A couple of weeks ago at HNA we started a Web radio based on local news and a popular variety of music. We thought it made sense to add this component to our newspaper and Internet business.
Honestly, we aren’t totally sure where this cross-media venture will end up. All we know for sure at this point is that it seems to be prompting all of us to look at our business in a new way. It is a real nudge toward increased innovation, impacting our journalists and sales staff alike.
Our staffers love to tell the story that they are involved with something new, and they are keen to develop ideas on how we can make it profitable.
Unexpected result. So far, the most impressive result has been receiving calls from relevant and serious customers, asking if and when they would be able to advertise with our Web radio station. Such calls are unbelievable to me in my 30 years of media life. Having customers actually call US instead of pitching THEM because they want to be part of our new experience, and spend money for the opportunity, is as unique here as anywhere.
Here’s something just as unique: Our response is to thank them for their interest and ask them to wait a bit. That’s because we don't have a concept on advertising yet because there is no experience with a newspaper Web radio in Germany. So we are telling our customers we are striving to be “accident free” for a couple of weeks; we want to perfect our product before we approach them with advertising solutions.

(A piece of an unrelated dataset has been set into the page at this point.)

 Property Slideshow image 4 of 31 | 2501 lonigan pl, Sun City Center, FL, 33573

Traditional “spots by seconds” not part of plan. We also tell them we will not be “just selling spots by seconds,” but instead taking a holistic approach to their advertising campaigns, working with them to develop integrated advertising.

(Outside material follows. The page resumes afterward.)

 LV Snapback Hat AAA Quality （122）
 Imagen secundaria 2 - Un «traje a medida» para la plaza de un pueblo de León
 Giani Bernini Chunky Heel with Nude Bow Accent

If that’s not shocking enough, we also make them aware that this package will be available only for those willing to invest serious money.
Our clients are not irritated by our response. They are really open-minded about the ideas we will ultimately bring back to them. Now our challenge is to develop packages and approach them with innovative solutions. We need to quickly train ourselves in the new discipline of combining more than the channels of print and online.
Lessons learned in early stages. I have already learned a lesson from this: We still have opportunities to be appealing as an industry.
Instead of newspapers being caught up in internal chatter about “broken business models” and a daily litany of bankruptcies, we need to kick ourselves out of depression. In our despair, we forgot how to make ourselves “sexy” again. We must remember now.
We need to brighten up our classified, dig deeper into unique local news, and develop new, attractive advertising solutions for small and medium businesses.
Finally, we need to look smart and innovative to our customers. We have to focus on serious quality, not just a fancy wrapper around the same old stuff.
This modest Web radio project shows me that this kind of change and activity is vital for our healthy future. It not only thrills our market because it is new and innovative, but it changes the spirit of our media company.